Supplied entries =>
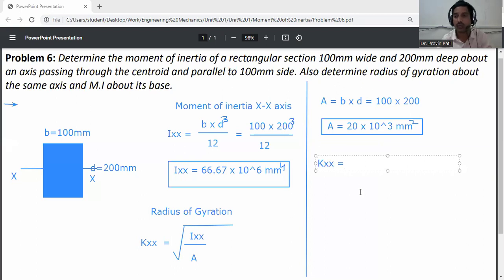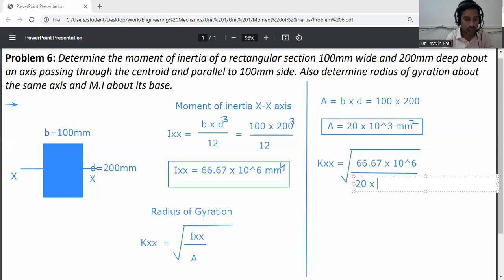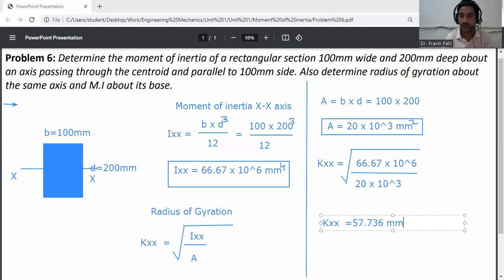Substituting into the radius of gyration equation: kxx = √(Ixx / A) = √(66.67 × 10⁶ / 20 × 10³). This gives kxx = 57.736 mm. This is the radius of gyration about the x-axis.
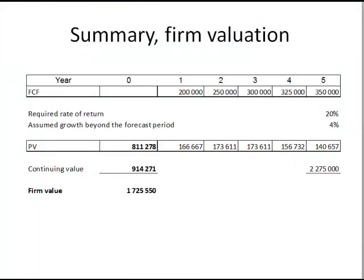So I hope this helped you a little bit more to understand how you do a valuation and especially how you work with the present value and net present value calculations in our valuation. Good luck.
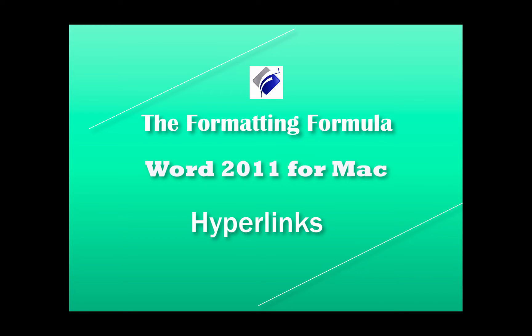Hi, Michelle Seitz here. You're watching Word 2011 for Mac hyperlinks.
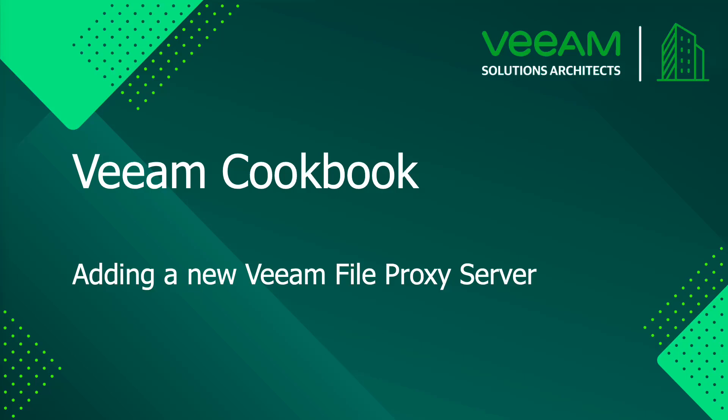Welcome to the Veeam Cookbook channel. In this video, we will describe the process of adding a new file proxy server.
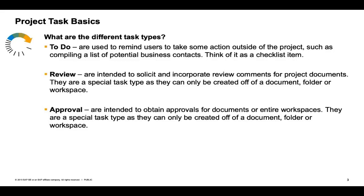The to-do task is the most basic. Think of this as a checklist item. Review task is used as a facilitator between two different parties. For example, in the contract workspace example that I used earlier, the end user may want legal to review their contract. So they would create a review task and send it to legal for review.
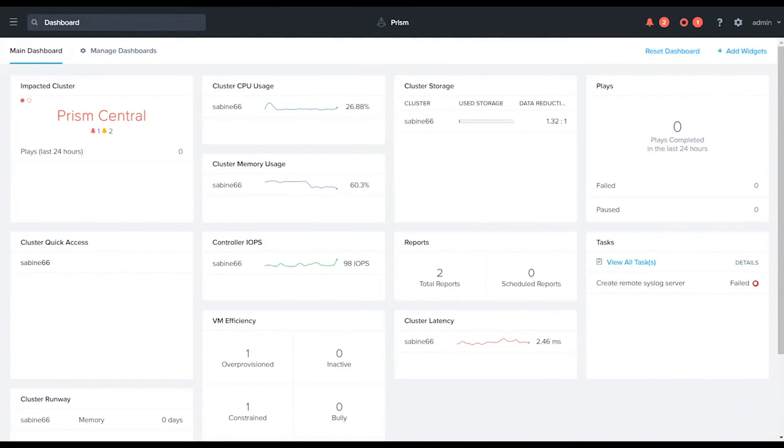Hello everyone, this is Adam Provost from Nutanix. In this video we're going to review how to do local user management from within Prism Central. Let's get started.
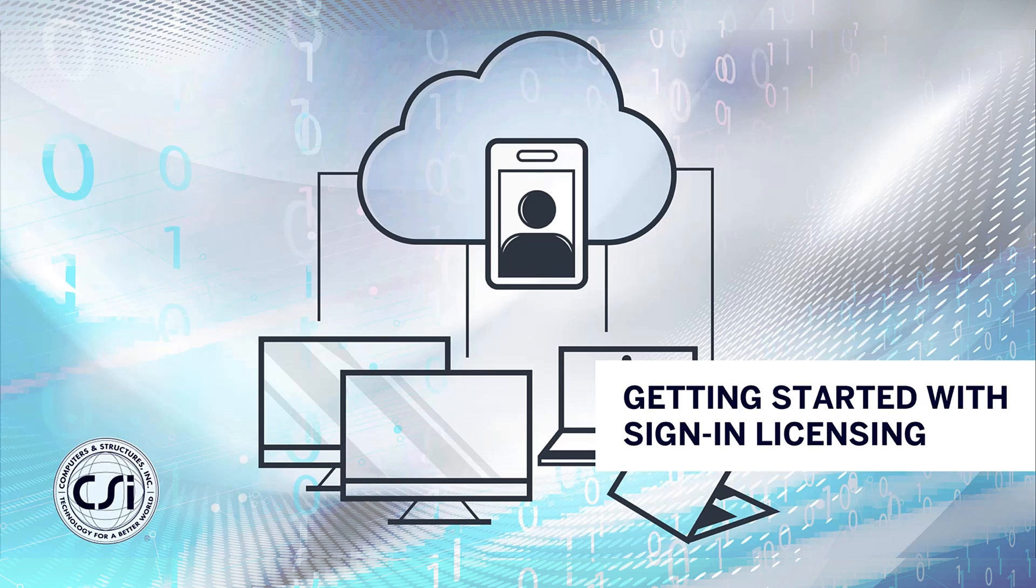In this video we will discuss cloud sign-in licensing, which is a CSI cloud hosted licensing system that allows you to use a secure sign-in credential to access your CSI software. This offers greater security and flexibility in how you access and use your software.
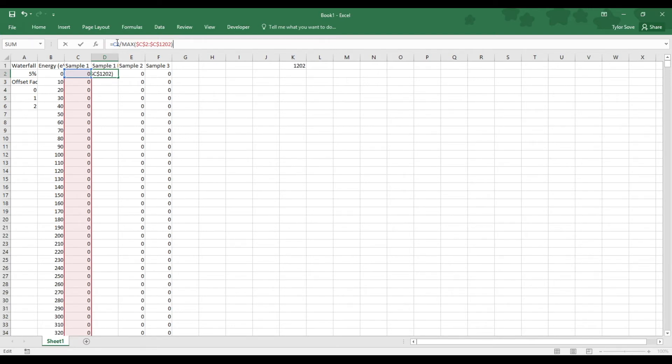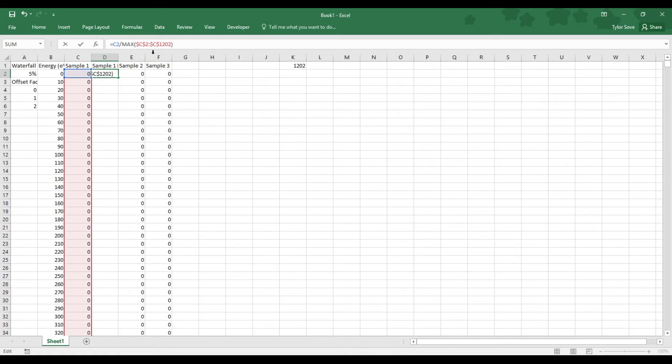Now when I extend this code to the remainder of this column, this front portion over here, C2, will change to C3, C4, C5, and so on and so forth as it goes down. So now this is done with the normalizing.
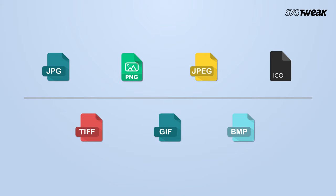It is compatible with most of the popular image formats such as JPG, PNG, JPEG, GIF, BMP, TIFF, ICO, and many more.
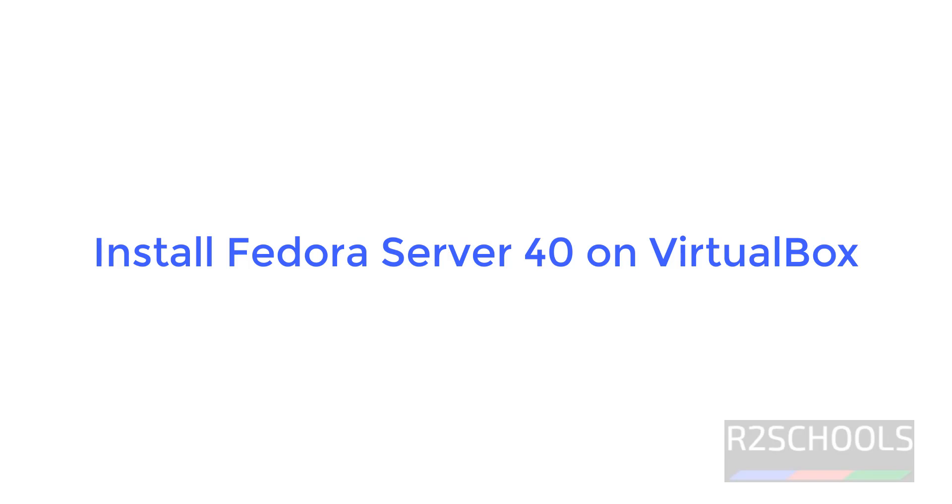Hello guys, in this video we will see how to download and install Fedora Linux Server 40 on VirtualBox.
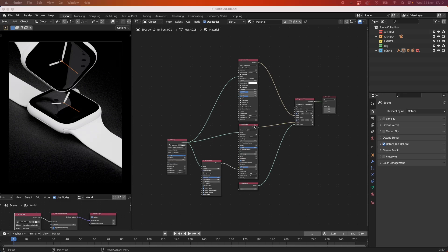Hey everyone and welcome to today's tutorial where we are going to be taking a look at how to create reflections within Octane.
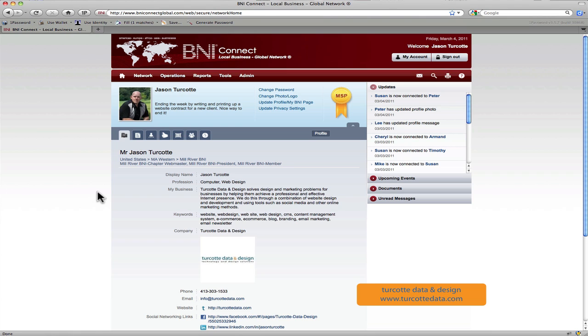Again, my name is Jason Turcotte. I own a company called Turcotte Data Designs. We make websites, and we make them work, and we make them effective. I look forward to bringing you more of these webcasts, and I'll talk to you soon.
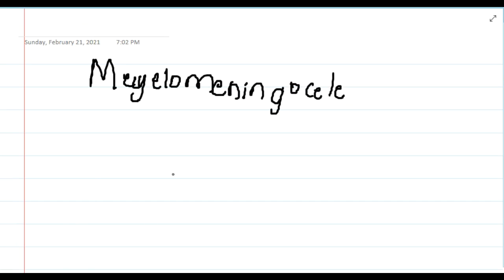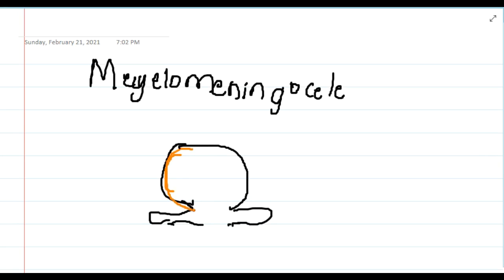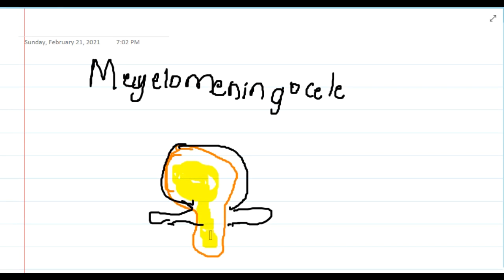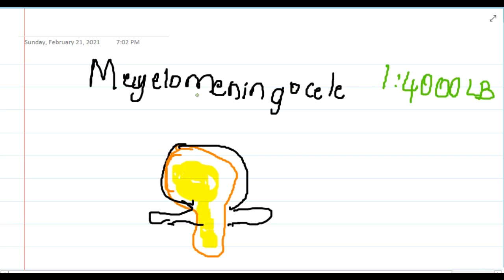Here the vertebral column is improperly closed, and there is herniation of the meninges is seen. Along with the herniation of meninges, you will also see that there is herniation of spinal cord also occurs from the vertebral column. The incidence of this meningomyelocel is one in 4000 live births, the most common site being the lumbosacral region.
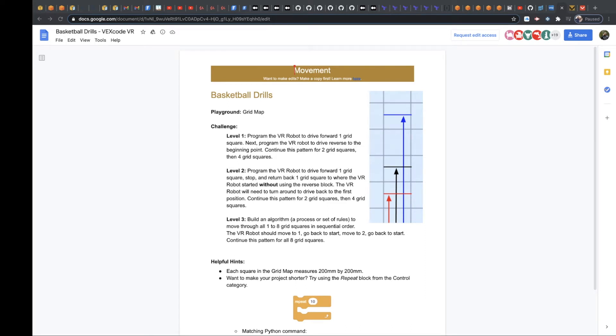Okay, so level 1 says program the VR robot to drive forward one grid square. Next, program the VR robot to drive reverse to the beginning point. Continue this pattern for two grid squares, then four grid squares.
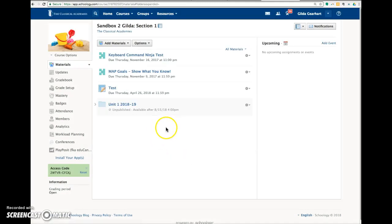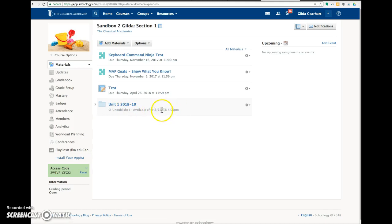And notice that here's the folder, it says it's unpublished, but it says it will become available after 4 p.m. on that date.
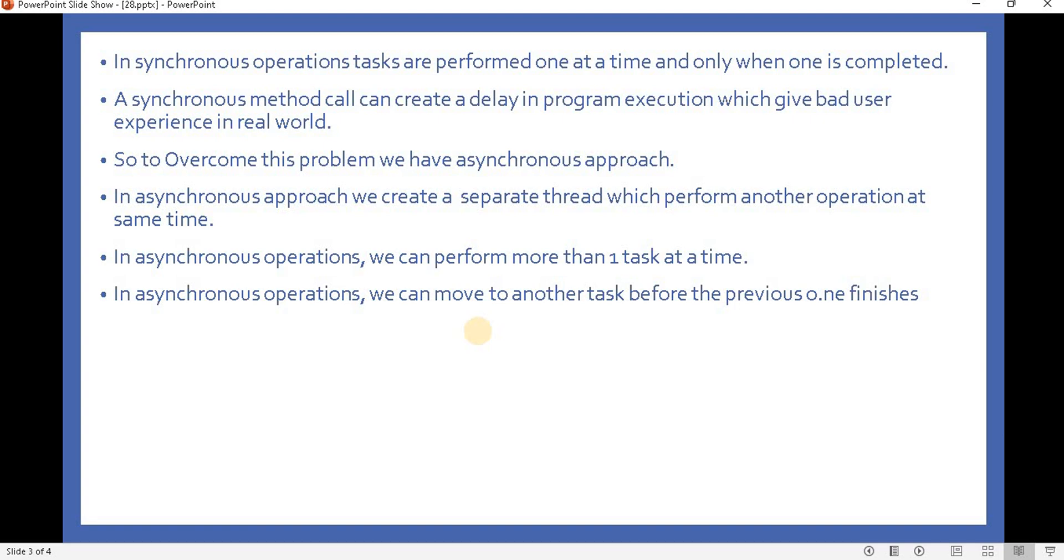we have the asynchronous approach, or asynchronous programming. In asynchronous programming, we can perform more than one operation at a time, whereas in synchronous programming we can only perform one operation at a time.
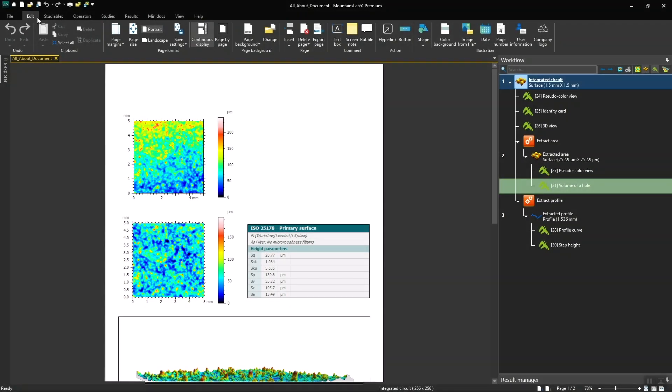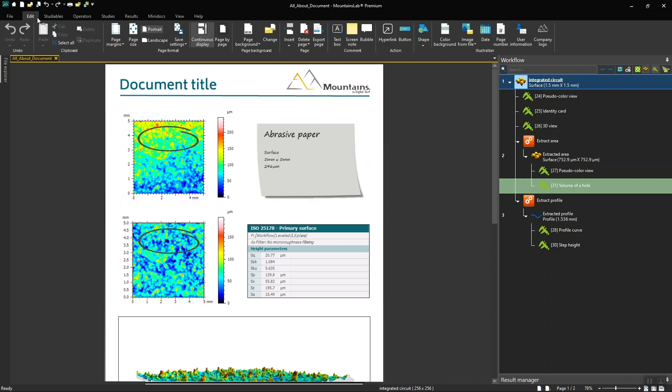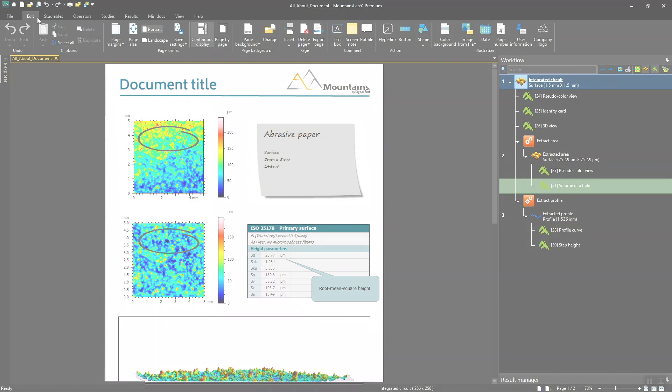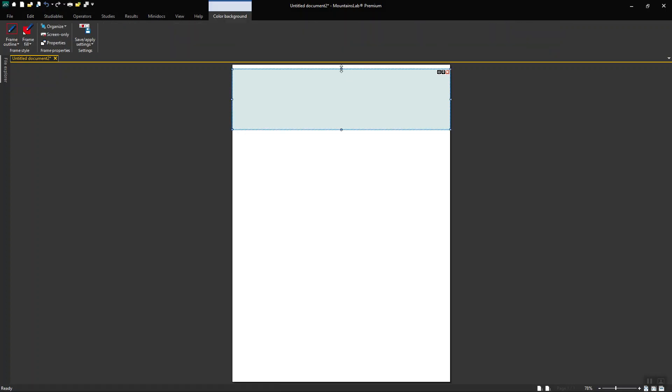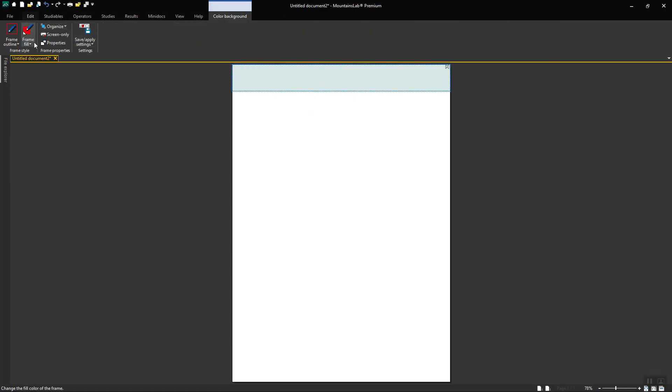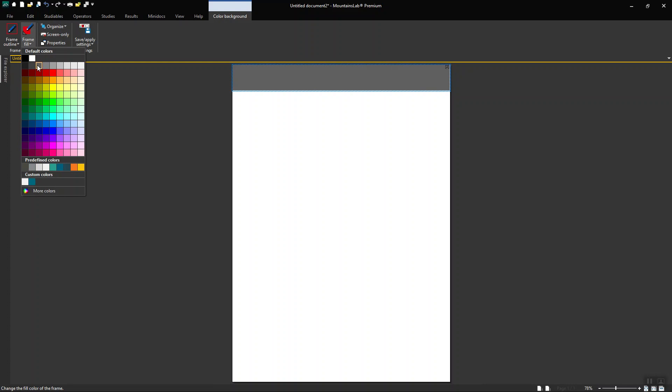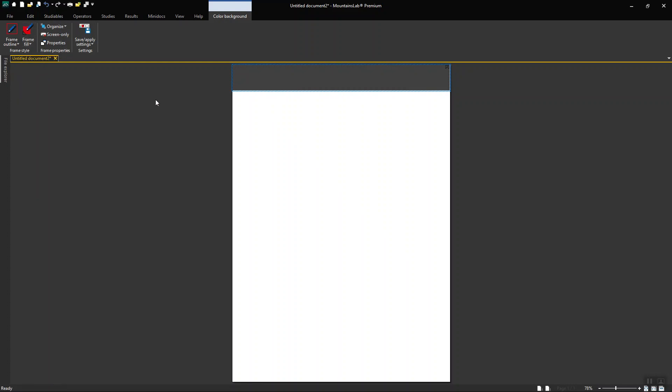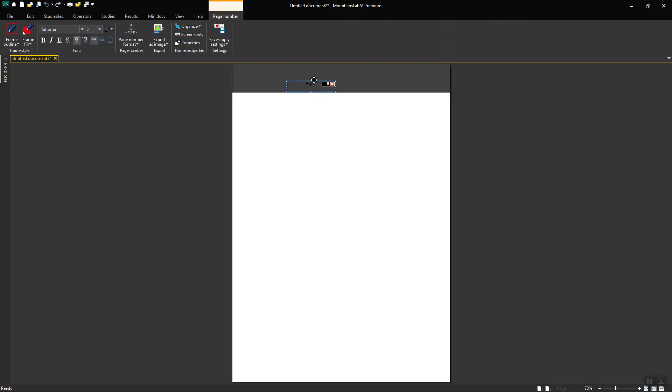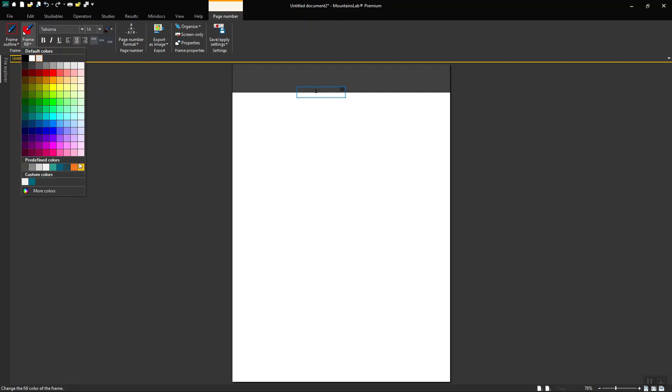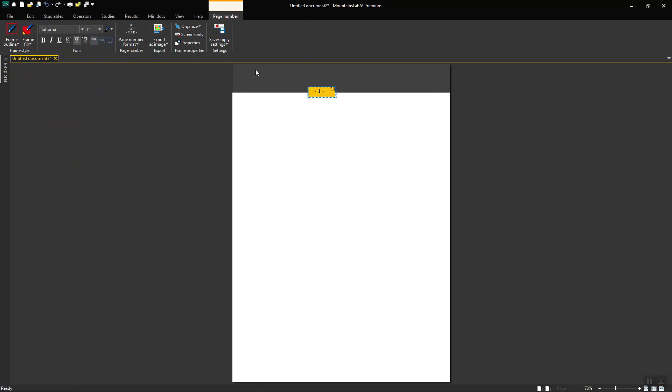You can customize a page with elements such as a title, a logo, or other illustrations. Let's create a page header using the Color Background tool. I can choose the size and position of this frame as well as its color. I can add page numbers and choose their format as well as font size and color.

Task to carry out => Return, exactly and without extra lines, everything from the line with "Okay, so level" through the last line of the material above, both included. Pictures must be dropped.

Finished exercise =>
Okay, so level 1 says program the VR robot to drive forward one grid square. Next, program the VR robot to drive reverse to the beginning point. Continue this pattern for two grid squares, then four grid squares.
And notice that here's the folder, it says it's unpublished, but it says it will become available after 4 p.m. on that date.
we have the asynchronous approach, or asynchronous programming. In asynchronous programming, we can perform more than one operation at a time, whereas in synchronous programming we can only perform one operation at a time.
You can customize a page with elements such as a title, a logo, or other illustrations. Let's create a page header using the Color Background tool. I can choose the size and position of this frame as well as its color. I can add page numbers and choose their format as well as font size and color.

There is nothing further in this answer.